EXERCISE DIRECTIONS >>
From the material below, reproduce exactly the stretch of lines that begins with the line holding "las enfermedades autoinmunes?" and ends with the line holding "Western Blot: Asparagine", skipping the pictures.

EXERCISE INPUT >>
[Start of section]

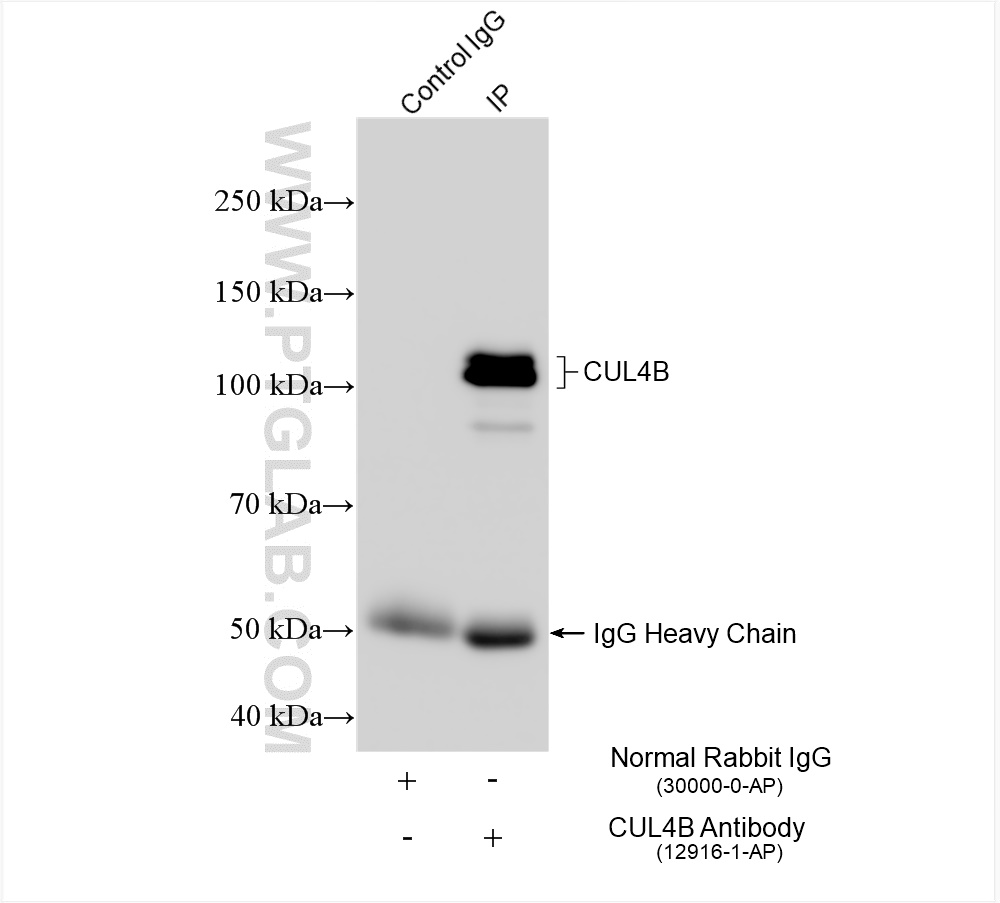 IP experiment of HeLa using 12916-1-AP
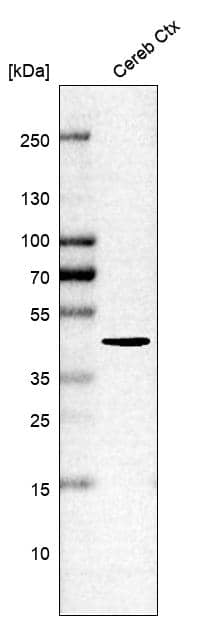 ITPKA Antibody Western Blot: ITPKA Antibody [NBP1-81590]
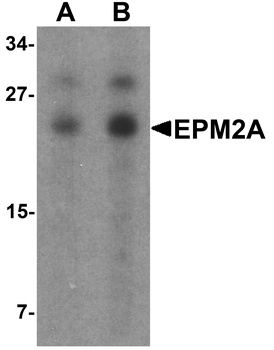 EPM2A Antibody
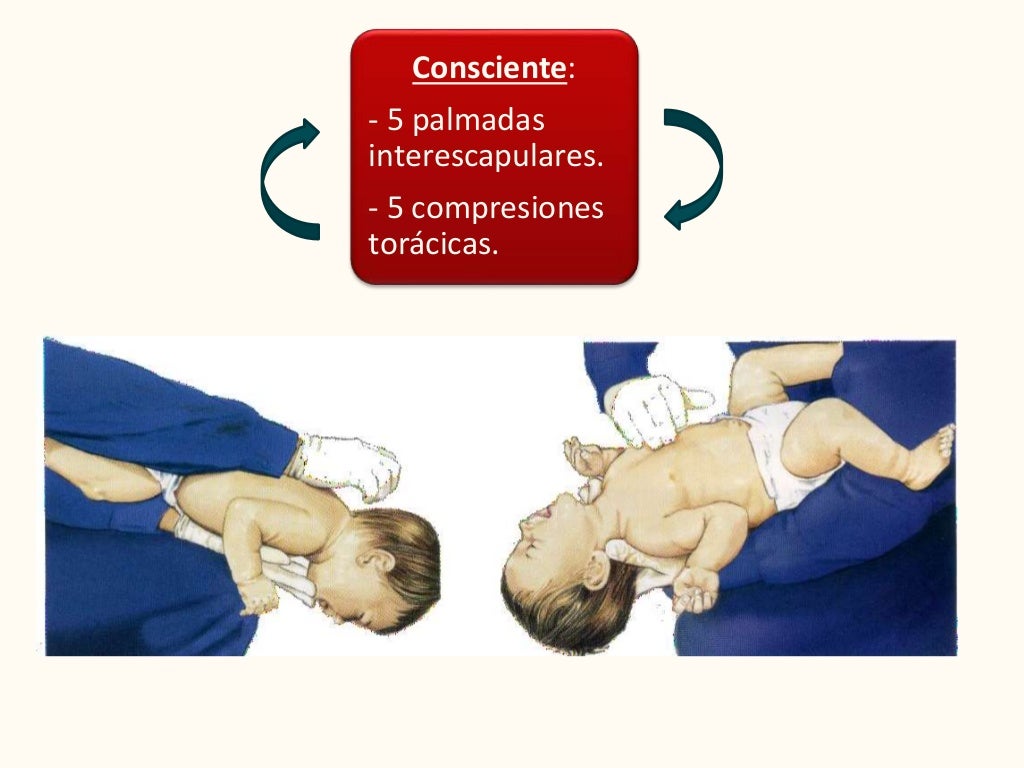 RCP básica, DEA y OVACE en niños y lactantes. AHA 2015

[End of section]
[Start of section]

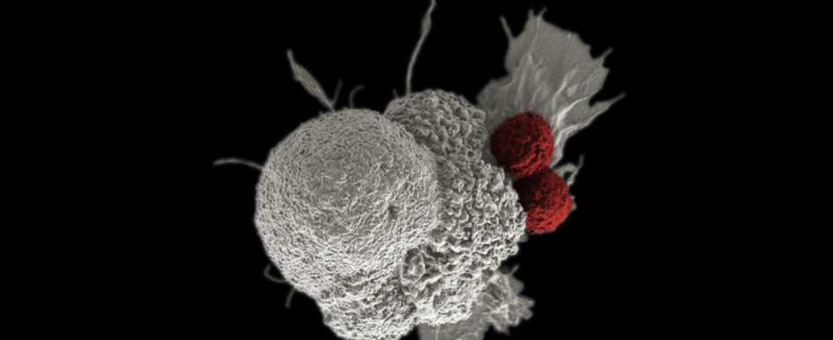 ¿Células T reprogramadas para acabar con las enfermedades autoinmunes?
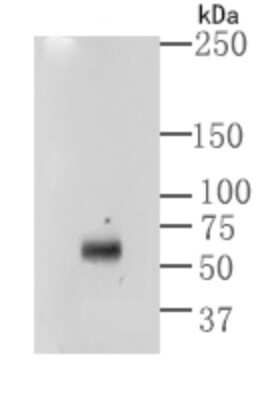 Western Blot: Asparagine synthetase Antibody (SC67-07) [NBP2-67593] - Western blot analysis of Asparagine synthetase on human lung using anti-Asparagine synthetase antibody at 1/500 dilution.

[End of section]

ANSWER FOR THIS EXERCISE >>
 ¿Células T reprogramadas para acabar con las enfermedades autoinmunes?
 Western Blot: Asparagine synthetase Antibody (SC67-07) [NBP2-67593] - Western blot analysis of Asparagine synthetase on human lung using anti-Asparagine synthetase antibody at 1/500 dilution.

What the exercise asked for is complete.